Osmanlı Devleti bu proje sayesinde, İran ile Rusya’yı birbirinden ayırmak istiyordu. Ayrıca Orta-Asya ile münasebet sağlanacak, böylece Safeviler, iki güç arasında bırakılacaktı. Herhangi bir sefer anında Hazar Denizine kadar mühimmat yiyecek vs. gibi erzaklar gemilerle getirilebilecekti. 1568 yılında Şıkk-ı sani Defterdarı Kasım Bey, Kefe Sancakbeyi tayin edilerek, kanal projesi için gerekli incelemeleri yapmakla vazifelendirildi. İncelemelerden sonra, 1569 Ağustosunda Don ve Volga Nehirleri arasındaki en dar bölgeden kanal açılmaya başlanıldı. Ancak, Kırım Hanı Devlet Giray’ın gereken ilgiyi göstermemesi ve ağır kış şartları sebebiyle kanal projesi gerçekleşemedi ve bir daha da teşebbüs edilmedi.
Sokullu Mehmed Paşanın Sadrazamlığı zamanında, 1570’te Kıbrıs Adası fethedildi. Osmanlı donanması 1571’de İnebahtı’da yok edildi. İnebahtı felaketinden sonra, donanma başkumandanlığına tayin edilen, eski Cezayir Beylerbeyi Kılıç Ali Paşa, Osmanlı teşkilat ve müessesesini daha bütünüyle bilemediğinden, yeni donanmanın hazırlanmasından ümitsiz görününce;
“Paşa hazretleri, sen henüz bu Devlet-i Âliyyeyi (Osmanlı Devletini) bilmiyorsun.

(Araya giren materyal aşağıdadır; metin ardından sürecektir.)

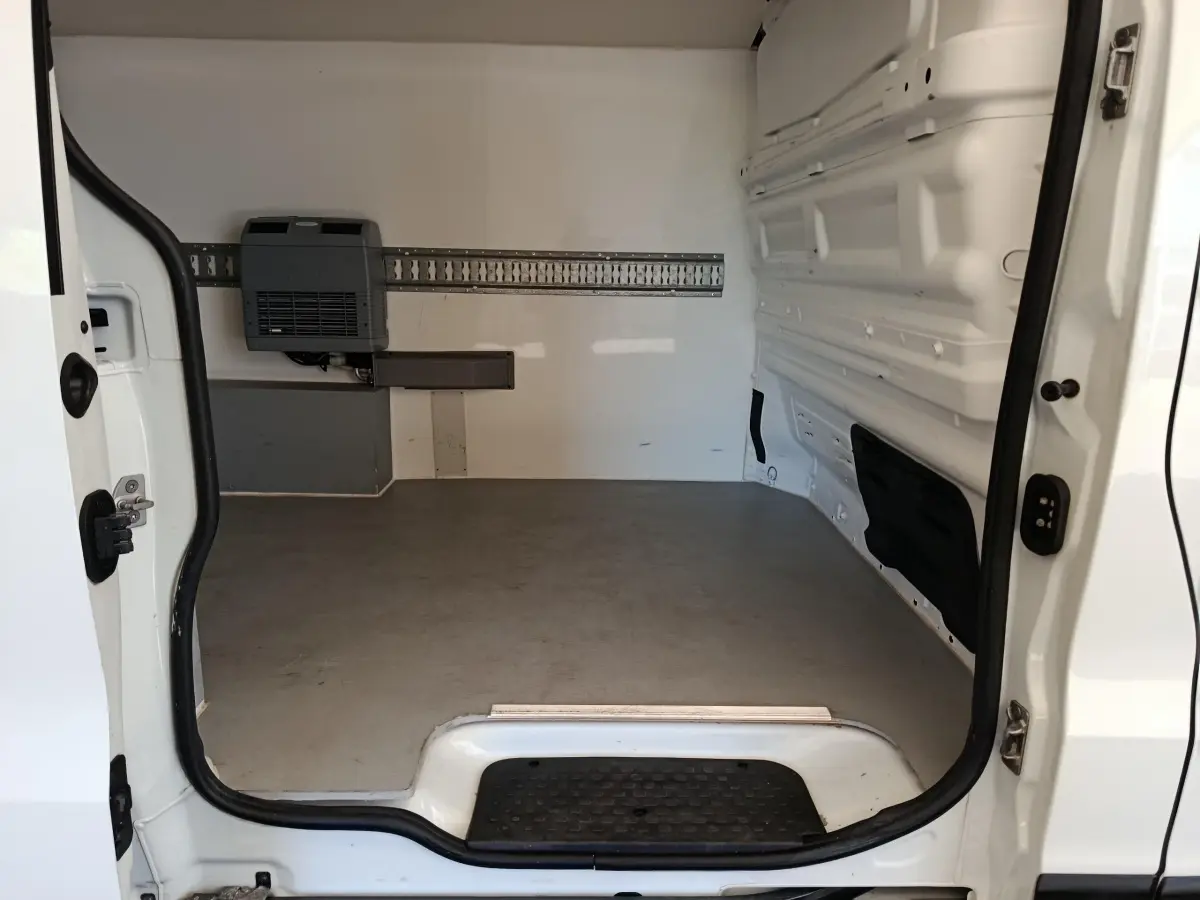 Vue intérieure arrière du fourgon blanc Renault Trafic, montrant l’espace de chargement vide avec cloison pleine.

Bevallah böyle itikad eyle (bilmiş ol ki) bu devlet ol devlettir ki, murad edinirse (isterse) cümle (bütün) donanmanın lengerlerini (gemi demiri) gümüşten, resenlerini (iplerini) ibrişimden, yelkenlerini atlastan etmekte suubet (zorluk) çekmez. Her hangi geminin alatını (aletlerini) ve yelkenini yetiştirmezsem bu minval üzere benden al” tarihi cevabını verdi.
Bu söz, Osmanlı Devletinin kudret ve azametini göstermesi bakımından çok önemlidir.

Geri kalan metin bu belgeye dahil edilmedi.